– Земля – барона, дом – барона, здесь все барона, и платить вам придется, – твердо говорил солдат.
– Ну что ж, – согласился пузатый плотник, – это справедливо. А сколько платить? А то трактирщик дерет – Бога не ведает.
– Барон наш трактирщику не чета, втридорога драть не будет. Полкрейцера в день пойдет? – спросил Волков.
– Крейцер, – произнес Крутец, – трактирщик берет полкрейцера в день с человека за то, что разрешает спать на полу вповалку.
– Полкрейцера с человека? – удивился Волков.
– Жид не мелочится, – усмехнулся управляющий, – восхищаюсь им, он только за постой полталера в день получает.
– Да не может быть, – усомнился солдат.
– Готов биться об заклад, – настаивал молодой управляющий.
Солдат не ответил, спорить он не собирался, но подумал, что трактирщика надо навестить.
– Раз так, господин, то мы согласны, – сказал пузатый плотник и полез в кошель.
– Быстро согласились, – произнес Крутец, – надо было больше просить.
Остальные дома, занятые пришлыми, Волков объезжать не стал, велел только стражникам поехать с управляющим. Сам же направился в замок и решил заняться собой. В последнее время он зарос, толком не мылся, ходил в несвежей одежде. В гвардии такое было недопустимо. В донжоне нашел дворовых мужиков и велел им греть воду. Сам лежал на лавке, а когда вода согрелась, стал мыться прямо во дворе. Одна из прачек помогала ему, а потом бараньими ножницами стригла. Тем временем Ёган принес целый ворох одежды. Когда туалет был закончен, пришли монах со стражником и принесли целый горшочек с серебром и медью. Монах был взволнован.
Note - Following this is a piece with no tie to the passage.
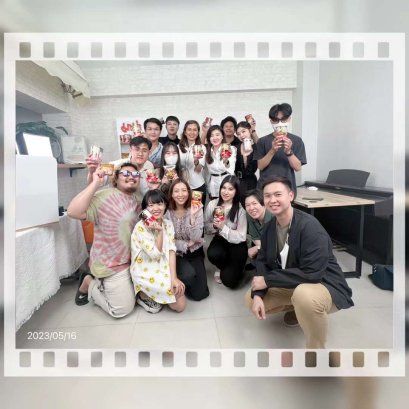 Black Gold Entertainment  ได้ร่วมกับ  MAMA Cooking Class X Gem4th ที่จีนเป็นครั้งแรก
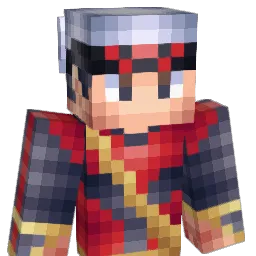 ninjagamer106 Minecraft avatar bust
– Девятнадцать талеров без малости, – пришепетывал он в благоговении от такой кучи денег.
– Сержант, – потряхивая горшком, говорил Волков, – со старосты кандалы снять, семью его выпустить. Еду давать добрую, как всем дворовым.
– Да, господин, – говорил сержант.
А следующий день начинался с большой суеты. Надо было выбирать старосту в Рютте. Все мужики могли участвовать в выборах, и должен был присутствовать барон. Барон нехотя согласился, но настоял на том, что он будет только на утверждении старосты, а слушать склоки ему недосуг. Стали собирать народ, на церкви ударили в колокол. Люди собрались, и как только управляющий Крутец объявил о выборах, началась ругань. Сразу дружно заговорили десятки голосов. Мужики стали орать, пихаться, но больше всех огня добавляли склочные бабенки. Волков пытался установить порядок, но даже перекричать никого не смог. Плюнул, отъехал в сторону, а ругань в деревне шла, хотя до драк не доходило. То и дело зычным голосом поп призывал всех к порядку, а стражники вмешивались и тумаками успокаивали самых рьяных.
Тем не менее старосту выбрали. Он был молод, грамотен и богобоязнен – сын диакона, а заодно и звонарь. Наконец послали за бароном, который приехал и утвердил нового старосту. Люд стал расходиться, а Крутец и Волков начали давать новому старосте указания. Молодой человек кивал ошарашенно, так как еще не пришел в себя от свалившейся на него ответственности.
– Ты б записывал, – говорил Волков.
– Я запомню, господин, – хлопал рыжими ресницами новый староста.
– Наперво осмотри все дома, что после чумы пустуют. Заодно пересчитай пришлых, что в них проживают. Соберешь с них деньгу, отдашь управляющему. Кто деньгу давать не будет – о таких сообщишь сержанту.